Outro fator que tem impulsionado compradores a optar por peças usadas e demais formas alternativas de consumo é a maior exigência da geração. Há mais pessoas preocupadas com o impacto do consumismo no meio ambiente, mais pessoas preocupadas em estender o tempo útil das peças e com desejo de preservar mais. Isso gera impacto no comércio, faz com que ele busque se adaptar, seja oferecendo novas condições de compra ou peças com propostas não convencionais.

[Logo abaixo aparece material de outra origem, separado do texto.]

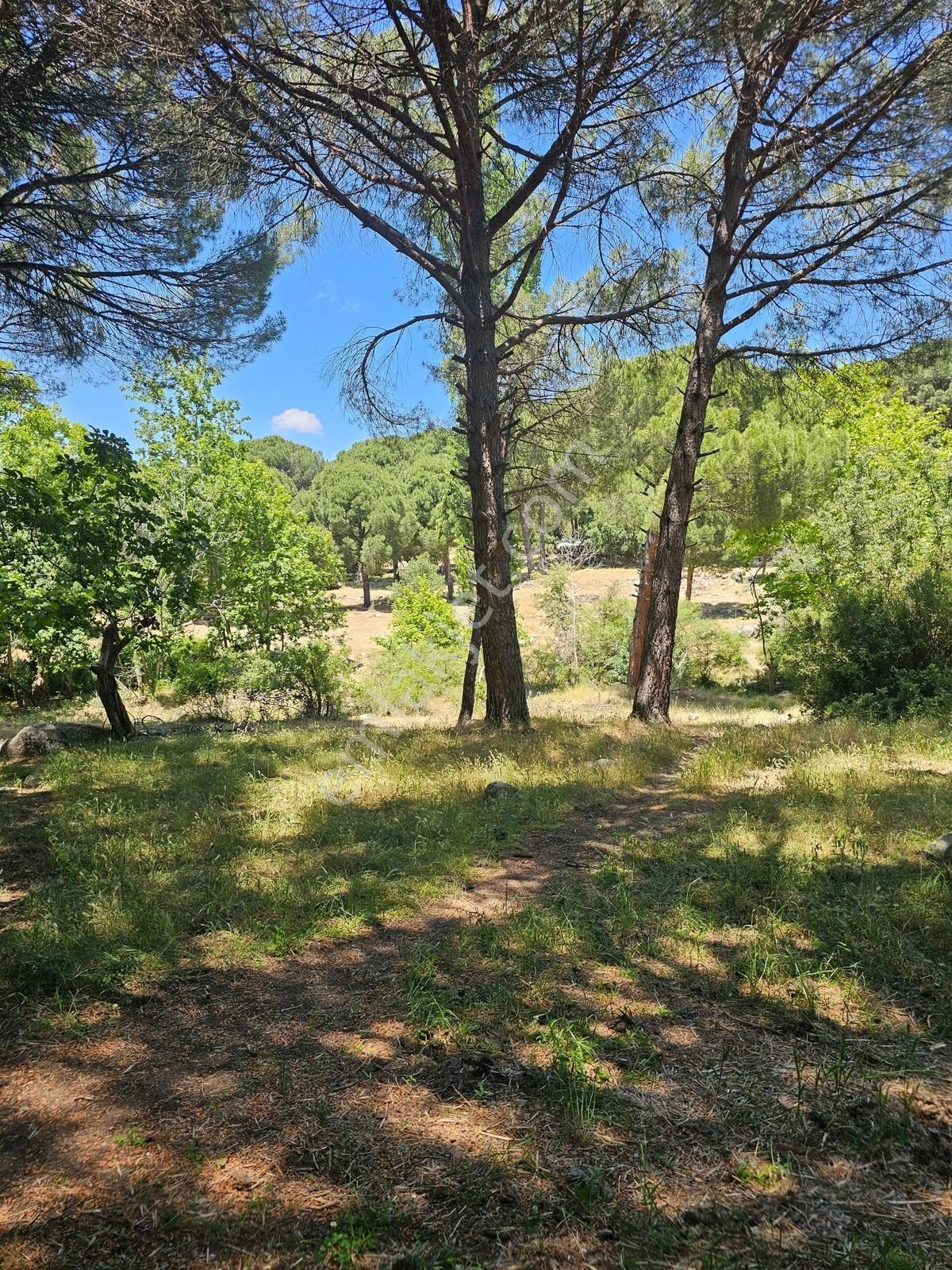 Ayvalık Yolu Üzeri -dere Cepheli (asagıbey /1894 M2) - Görsel 24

É o caso das promoções feitas em lojas de grife que dão desconto na compra de peças novas caso o cliente desapegue de uma peça própria já usada. A vendedora Fernanda Honorato conta que onde trabalha funciona assim. “Sempre fazemos esse tipo de promoção. Se a pessoa trouxer qualquer jeans usado, não precisa ser da nossa marca, ela tem R$100 de desconto na compra do novo”, explica.

Oportunidades

Segundo a consultora empresarial de moda do Sebrae, Gabriella Araujo, “em virtude da crise de desconfiança que se estabeleceu, em decorrência do desequilíbrio econômico-financeiro e social do País, o consumidor ficou mais cauteloso e criterioso no momento da compra. Por este motivo, negócios embasados pela economia circular (reduzir, reutilizar, reciclar, recusar e repensar) podem ter mais força, como brechós, bazares e feiras de troca. Essa mudança e nova consciência sobre os hábitos de consumo abrem oportunidades e obrigações para empresas que trabalham com moda”, diz.

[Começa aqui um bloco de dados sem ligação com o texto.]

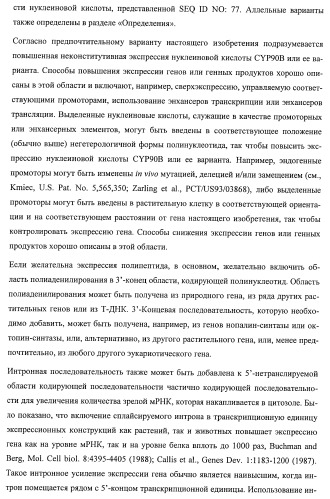 Растения, имеющие улучшенные характеристики роста, и способы их получения (патент 2463352)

Andando por Brasília aos finais de semana, é possível encontrar muitos bazares reunidos, como se fosse uma feira. Mas é possível vender e também trocar. Eliana Lima, também servidora pública, faz questão de participar das feiras. “Eu sempre vi vantagem em comprar em bazar. Porque você paga menos e reutiliza. Aqui, eu trago coisas que não uso mais para vender e também levo outras para casa, trocando ou pagando”, conta.

De acordo com a assessoria da Fecomércio, este é um segmento que está sim em crescimento, mas não dá para mensurar. Por ser um trabalho sazonal e que acontece em pontos variáveis, os bazares são raramente empresas regularizadas. Quase todos funcionam em pequena escala e não são reconhecidos como negócios, apesar de ser uma fonte de renda importante ou mesmo a principal para muitas famílias.

A consultora Gabriella Araujo lembra que é importante que as empresas acompanhem esse novo ritmo para atender esse público também.  ”Além de propósito, valores, papel social, personalização, colaboração, diferencial competitivo e presença digital, as empresas devem estar atentas às inovações como produção de roupas com tecidos inteligentes (que consomem menos água), uso de tecidos orgânicos como algodão e bambu, tecidos feitos a partir de produtos reaproveitáveis como PET e outros tipos de plásticos. A criatividade deve e pode ser usada a esse favor. A dica é: entenda e compreenda seu cliente para que você possa fazer o melhor por ele”, sugere.